● WHAT THE TASK ASKS
From the line containing "Noyelles-sur-Selle — Grande" to the last line of the listing, transcribe exactly and add nothing else; keep both ends and omit pictures.

● SUPPLIED INFORMATION

/---

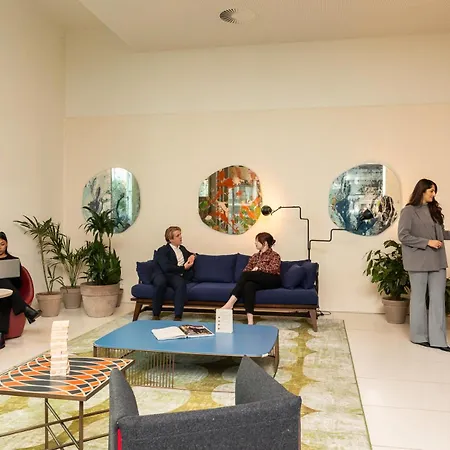 Premier Suites Amsterdam-3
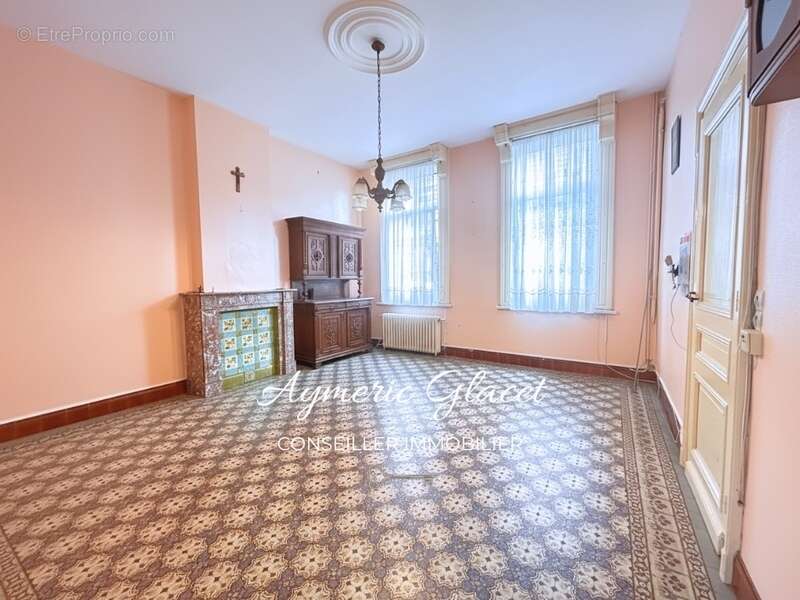  Noyelles-sur-Selle — Grande maison familiale de 234 m², dépendances et cour pavée. Une maison de caractère, désormais à 276 000 - photo 5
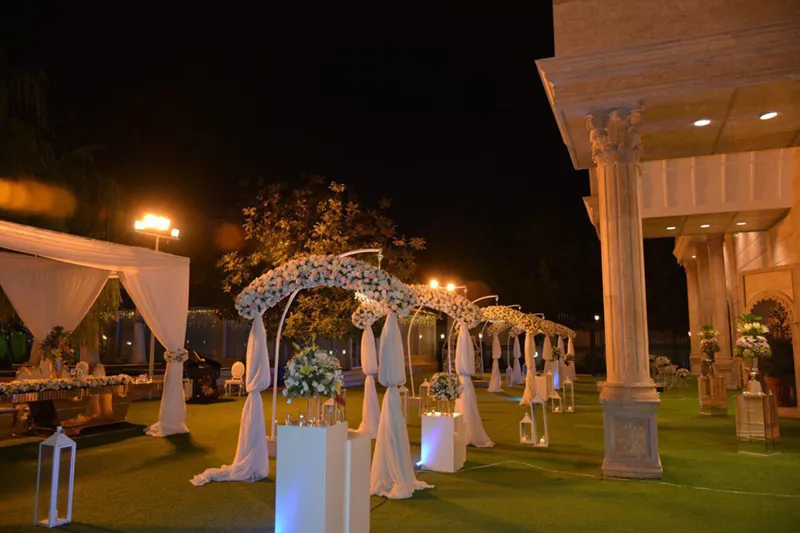گل آرایی ورودی سالن عروسی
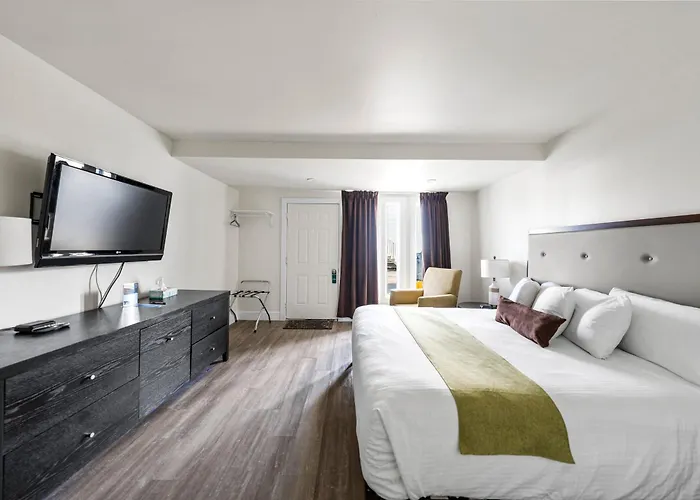 Shores Inn & Hotel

\---

● RESULT FOR THIS EXERCISE
  Noyelles-sur-Selle — Grande maison familiale de 234 m², dépendances et cour pavée. Une maison de caractère, désormais à 276 000 - photo 5
گل آرایی ورودی سالن عروسی
 Shores Inn & Hotel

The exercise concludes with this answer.